INPUT DATA

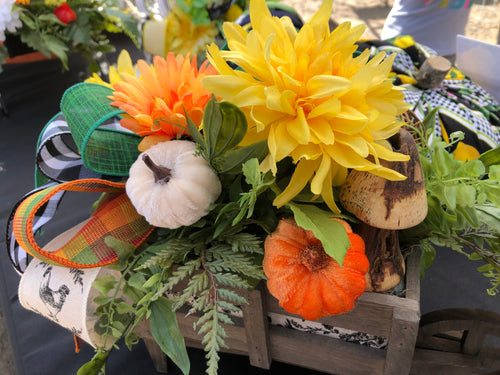 Fall wheelbarrow centrepiece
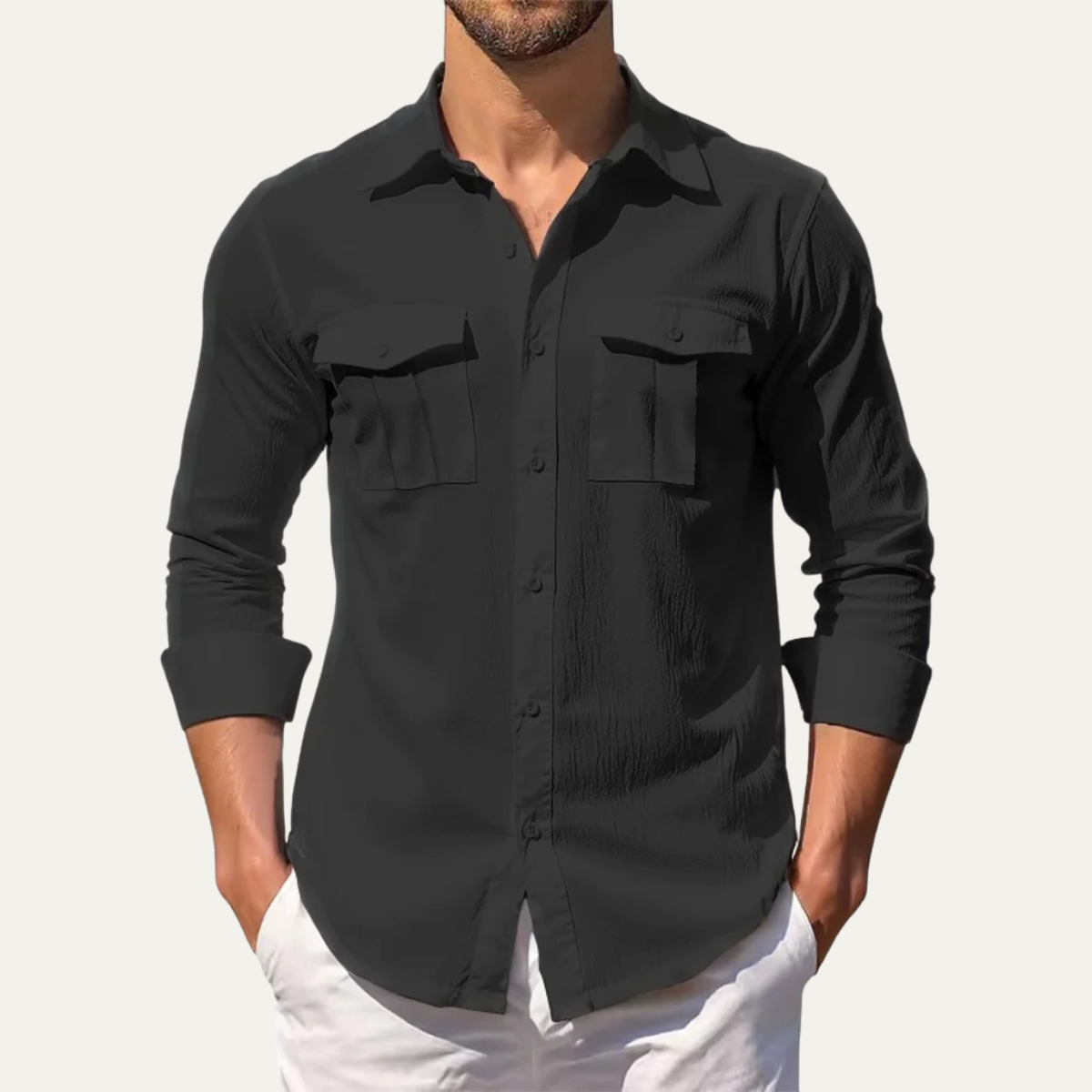 Jax | Men's Button Up Shirt Black Long Sleeve Casual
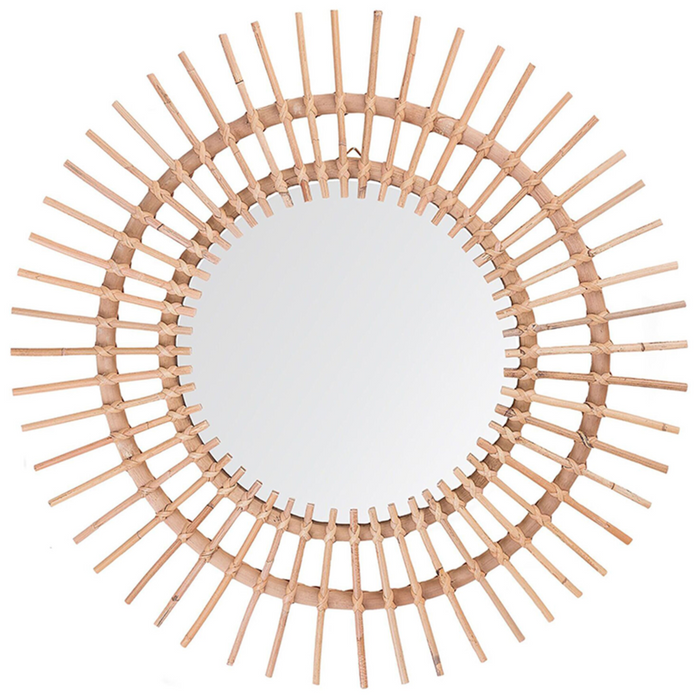 Specchio da parete Rattan beige ø 76 cm Decorativo Corridoio Boho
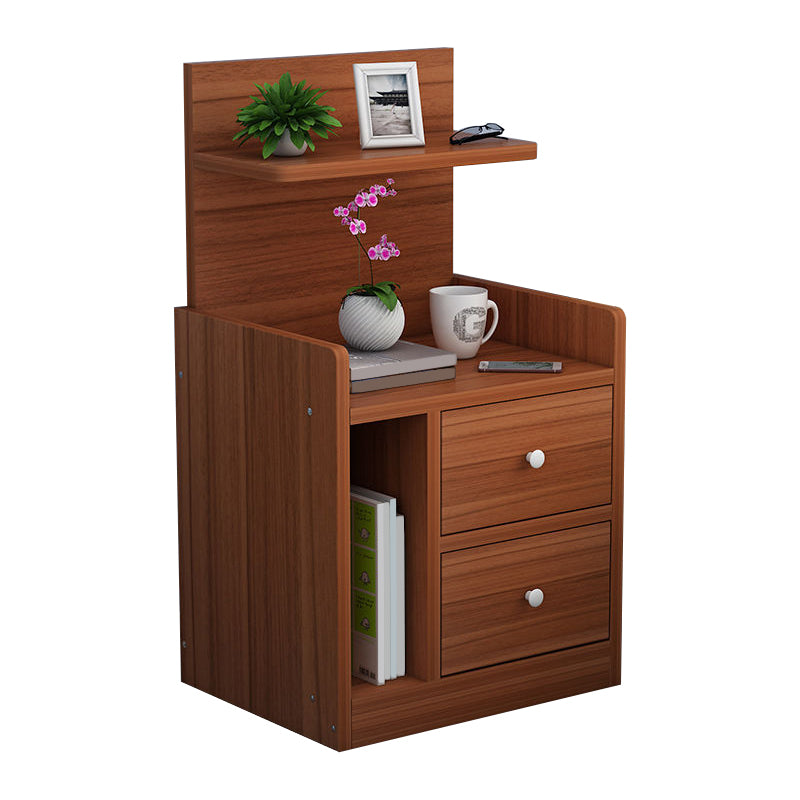 Wooden Bedside Cabinet Modern Style Minimalist Bedside Table with Drawers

TASK STATEMENT
Take the data above and set it down exactly, images excluded.

FINISHED EXERCISE
 Fall wheelbarrow centrepiece
 Jax | Men's Button Up Shirt Black Long Sleeve Casual
 Specchio da parete Rattan beige ø 76 cm Decorativo Corridoio Boho
 Wooden Bedside Cabinet Modern Style Minimalist Bedside Table with Drawers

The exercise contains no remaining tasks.